E quando se refere ao facto de que cedências devem ser feitas por ambos os lados, provavelmente estará à espera que a Rússia ceda nas províncias de Kherson e Zaporijia, onde está a maior central nuclear da Europa, que, embora tenham sido igualmente anexadas em Outubro do ano passado, têm menos relevância nas ligações históricas a Moscovo.
Mas o enviado de Pequim tem de ter mais trunfos na manga, porque só isto não chega para levar russos e ucranianos a transferir a guerra das trincheiras pelo braço-de-ferro na mesa das negociações... Seja o que for, está ainda no segredo dos deuses da paciência asiáticos.
No entanto, Li Hui deixou um cheirinho daquilo que pode ser um trunfo, ainda não o Ás de trunfo, mas uma boa cartada: Pequim propõe-se, segundo um comunicado emitido já nesta quinta-feira, a criar uma base alargada onde as partes encontrem "trincheiras diplomáticas" com relativo conforto, enquanto procura criar um alargado denominador que permita à comunidade internacional rever-se no mapa que está a ser desenhado para mostrar o caminho para a paz.

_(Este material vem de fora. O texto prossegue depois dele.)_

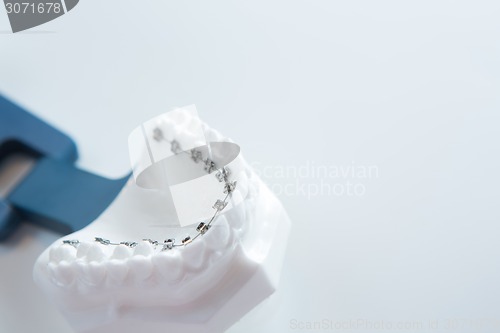 Image of Dental lower jaw bracket braces model on white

O enviado chinês, depois da Ucrânia, seguirá para vários países europeus, incluindo França e Alemanha, antes de aterrar em Moscovo, deixando fortemente sublinhado que pretende estabelecer pontes de diálogo com todos, para já, e, depois, entre todos, incluindo Kiev e Moscovo, porque Li sabe bem, do alto dos seus 70 anos e uma extensa e intensa carreira diplomática, e membro de topo do Partido Comunista Chinês, que "não há fórmulas mágicas" para resolver conflitos e que estas só se começam a resolver no dia em que as partes deixam claro que pretendem acabar com as crises.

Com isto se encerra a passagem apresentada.